As was explained to you by others and included in a FAQ,

"And this is another reason why, in the end, it's so much easier to just take the mass to be the invariant quantity m, and to put any directional information into a separate, matrix, factor."

http://math.ucr.edu/home/baez/physics/Relativity/SR/mass.html
 
  • #4
What I think is preventing you from being able to do the problem ...

Oy! Total nonsense. I just didn't see the expansion do to a silly oversight on my part. jeff was kind enough to clear that up for me - End of story! And please stop repeating yourself over and over and over and over and over and over and over and over and over and again

Folks - This person follows me from forum to forum repeating himself to the point of nausea. He has a *very* limited understanding of relativistic mass and passes around misinformation. I don't have the time to correct him here as well as everywhere else.

Pmb
 
  • #5
Does stress increase the inertia of a body? Does it increase gravitational attraction or in any way affect spacetime curvature? If so, I'm confused, I thought it took energy to do these things.
 
  • #6
Originally posted by Sacroiliac
Does stress increase the inertia of a body? Does it increase gravitational attraction or in any way affect spacetime curvature? If so, I'm confused, I thought it took energy to do these things.

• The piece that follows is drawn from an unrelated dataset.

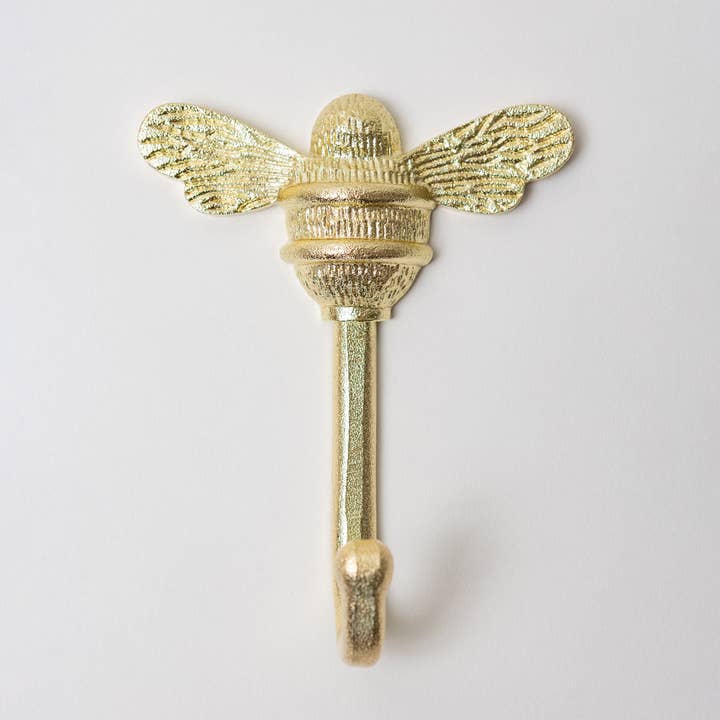 Brass bee Coat Hook - Brass Finish - Iron for wholesale by Brass bee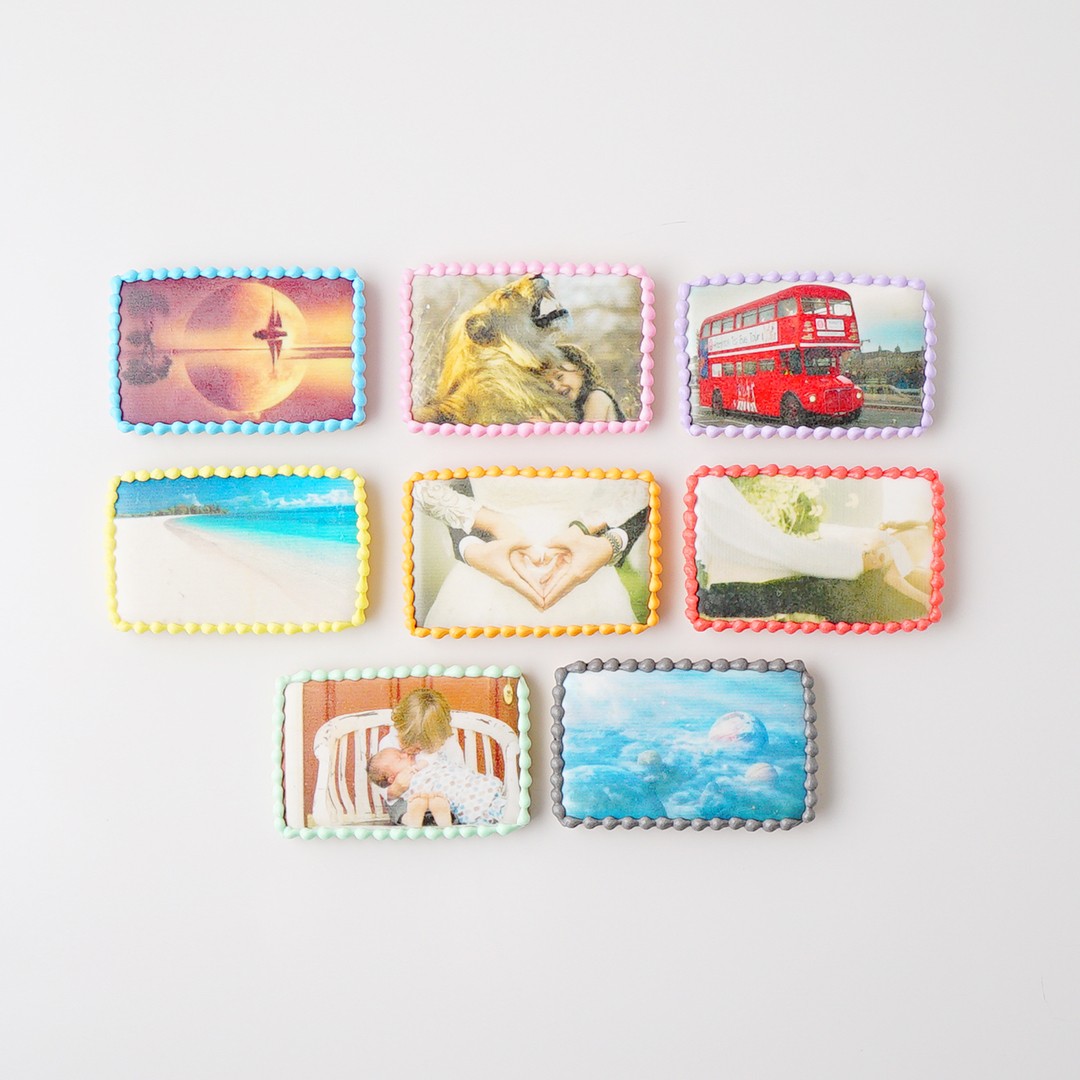 選べる8色 プリントクッキー（写真クッキー） 2枚（Rstyle） | Cake.jp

Yes. Stress increases the inertia of a body as well as it's ability to generate a gravitational field. Energy in one frame is stress in another frame - this implies that even though a body is at rest the increased stress increases the inertia and the g-field in creates.

It's for this reason that pressure is a source of gravity.

Pete
 
  • #7
Originally posted by pmb
Yes. Stress increases the inertia of a body as well as it's ability to generate a gravitational field. Energy in one frame is stress in another frame - this implies that even though a body is at rest the increased stress increases the inertia and the g-field in creates.

It's for this reason that pressure is a source of gravity.

Pete

Your's was the clearest answer I've ever gotten to that question, but could you possiblly give me some kind of an example of "Energy in one frame is stress in another frame."

And when you say "It's for this reason that pressure is a source of gravity.", does this mean that stress is the result of pressure? I've always been confused about whether both stress and pressure are sources of gravity or whether one is the cause of the other.
 
  • #8
Sorry that last post was by Sacroiliac not Ring. He and I post from the same computer and he won't be happy about this.
 
  • #9
Originally posted by Ring
Your's was the clearest answer I've ever gotten to that question, but could you possiblly give me some kind of an example of "Energy in one frame is stress in another frame."

And when you say "It's for this reason that pressure is a source of gravity.", does this mean that stress is the result of pressure? I've always been confused about whether both stress and pressure are sources of gravity or whether one is the cause of the other.

Well it's nice to hear that I'm clear to at least some people! :-)

It's a lot easier to say in mathematics. But consider an EM analogy. Suppose there is just a charged particle sitting -- at rest -- in your frame of referance. Then all you need to do is to specify the magnitude of the charge and where it is and then you pretty much have all you need in order to describe the field right? Now suppose that the charge is moving! Now if you want to descibe the field you need more then the charge - you need the velocity of the charge. What is a moving charge? It's current right?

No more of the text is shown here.